The following article on the hot rolled coil (HRC), busheling scrap (BUS), and financial futures markets was written by Andre Marshall, CEO of Crunch Risk LLC and our Managing Price Risk I & II instructor. Assisting Andre with tonight’s article is Jack Marshall also associated with CrunchRisk. Here is how Andre and Jack saw trading over the past week:

Financial Markets

As mentioned the S+P 500 has bounced back up to the 1900 zone, I think the high was 1927 yesterday. We have since settled sideways around the 1917 mark. The market has to decide whether it can muster further optimism from a market of mixed signals, i.e. jobs added in January only up 150K, but trend positive and unemployment now 4.9%, and wages increasing a bit, hope that inflation will find its way to us eventually.
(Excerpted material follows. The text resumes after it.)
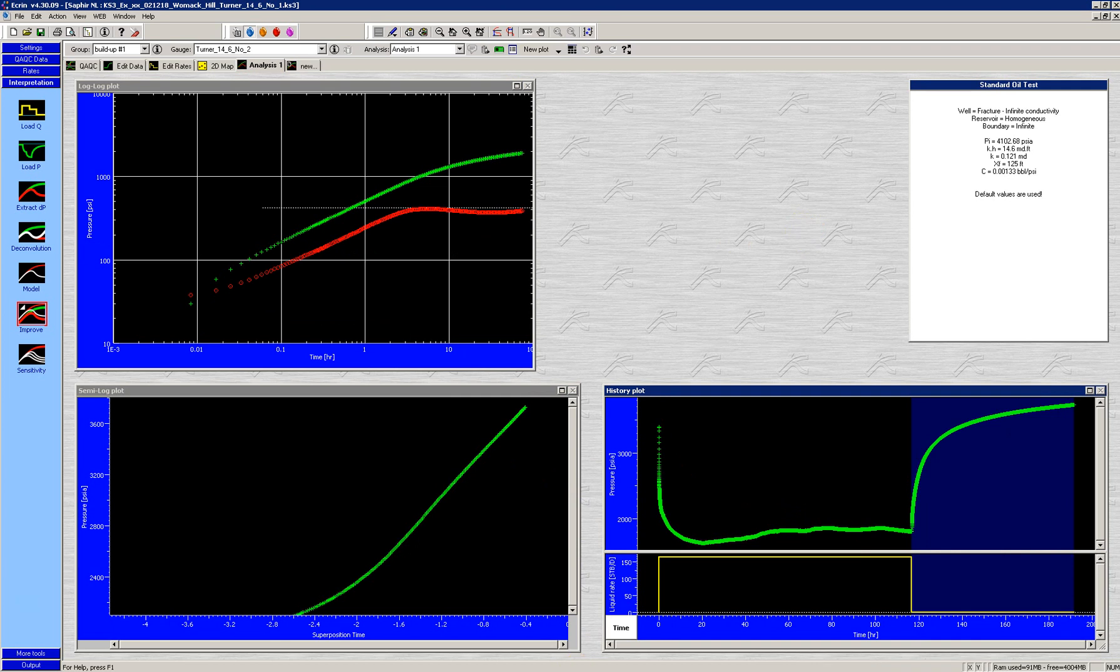So with that, I'll stop. And hopefully that explains the influence of the start time on the pressure drop and pressure drop derivative functions for our pressure buildup test.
We likely retest lows and move closer to a 20% retracement at some point, but resilience in the market on this last dip suggests the market may be comfortable in this zone for a bit before picking its next real direction.

Crude is a similar story of a mixed bag, i.e. the Saudis and Russians have agreed to halt increases in production, but they are at max capacity so… This does however give a hope that the OPEC countries will start to coordinate further, but hard to see Saudis communicating with the Iranians about anything. Next step is for Iran to ramp back closer to 1mllion barrels per day (bbls/day) and then they see where they are on communication. The crude price has traded either side of $30/bbl on this latest news, last trading $30.64/bbl on the March future. Despite the hopefulness crude still probably has some volatility ahead in both directions.

Not much to report in Copper which is last $2.07/lb on the March future, which is within a penny of where it was when I last reported and it hasn’t really moved in either direction.

Steel (HRC)

Recent choppy price movements in HR physical market prices, as reflected in the front month of CME HR futures, and in futures sellers actively pushing down the back end of the HR forward curve suggest that some participants in the market believe that physical sales may have topped out for the immediate term.  

We had a pretty active day last Friday in HR futures as 850 lots or 17,000 ST of HR futures traded.  The main focus was Q2’16 which traded heavily at $400 ST[$20cwt]. and was very close to converging with the CME front month futures settlement- Feb’16 @ $397 ST[$19.85cwt].  61,700 ST of HR futures traded last week of which 34,700 ST traded below $410 ST.  

This week by comparison has been very quiet with just a few trades in the front end of the curve.  On Monday Mar’16 traded @ $402 ST[$20.10cwt] on 1,000 ST and this was followed by a Mar/Apr’16 and Mar’16 trades @ $400 ST[$20cwt] on 1,000 ST per month today.  The current slope of the CME HR curve settlement values is very gradual with Feb/Jun’16 @$400 ST, 2H’16 @ $405.5, 1H’17 @ $410, and 2H’17 @ $414. With all this compression of the curve we are starting to see some bids finally come into the market.    

Below is a graphic of the HRC Futures Forward Curve. The interactive capabilities of the graph can only be used in Steel Market Update website here. If you have any issues logging in or navigating the website please contact us at info@steelmarketupdate.com or (800) 432 3475.

BUS (Busheling Scrap):

Little has changed since last week as markets continue to move sideways.  CFR Turkish scrap prices have remained fairly anchored around the mid 170 mark as excess global supply continues to indirectly impact flows leaving domestic markets little changed. Incremental increases in capacity utilization rates at mills do not appear to have improved demand enough to push BUS prices higher from the low 180 price point.